Assigned task => Which lines in the records below hold the word "Building"? Copy each of them.

Data excerpts =>
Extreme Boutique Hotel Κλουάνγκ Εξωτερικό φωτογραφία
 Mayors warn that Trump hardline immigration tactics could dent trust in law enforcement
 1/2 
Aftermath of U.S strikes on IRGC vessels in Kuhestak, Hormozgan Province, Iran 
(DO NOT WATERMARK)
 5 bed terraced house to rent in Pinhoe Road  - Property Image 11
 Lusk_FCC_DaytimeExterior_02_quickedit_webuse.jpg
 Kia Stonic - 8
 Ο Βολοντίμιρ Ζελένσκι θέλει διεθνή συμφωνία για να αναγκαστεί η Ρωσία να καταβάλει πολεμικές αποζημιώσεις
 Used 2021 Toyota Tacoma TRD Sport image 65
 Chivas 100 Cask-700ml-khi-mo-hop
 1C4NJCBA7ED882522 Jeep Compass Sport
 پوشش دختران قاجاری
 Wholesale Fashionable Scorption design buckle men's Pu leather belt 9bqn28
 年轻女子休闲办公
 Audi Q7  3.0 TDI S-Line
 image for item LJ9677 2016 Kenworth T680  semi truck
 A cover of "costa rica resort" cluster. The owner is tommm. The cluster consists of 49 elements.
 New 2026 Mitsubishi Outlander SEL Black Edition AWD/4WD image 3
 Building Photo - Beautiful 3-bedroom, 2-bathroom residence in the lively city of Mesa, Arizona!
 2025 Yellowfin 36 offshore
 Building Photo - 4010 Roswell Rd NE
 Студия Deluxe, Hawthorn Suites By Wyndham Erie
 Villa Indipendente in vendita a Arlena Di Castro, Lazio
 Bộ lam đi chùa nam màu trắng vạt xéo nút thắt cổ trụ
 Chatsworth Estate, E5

Your solution =>
 Building Photo - Beautiful 3-bedroom, 2-bathroom residence in the lively city of Mesa, Arizona!
 Building Photo - 4010 Roswell Rd NE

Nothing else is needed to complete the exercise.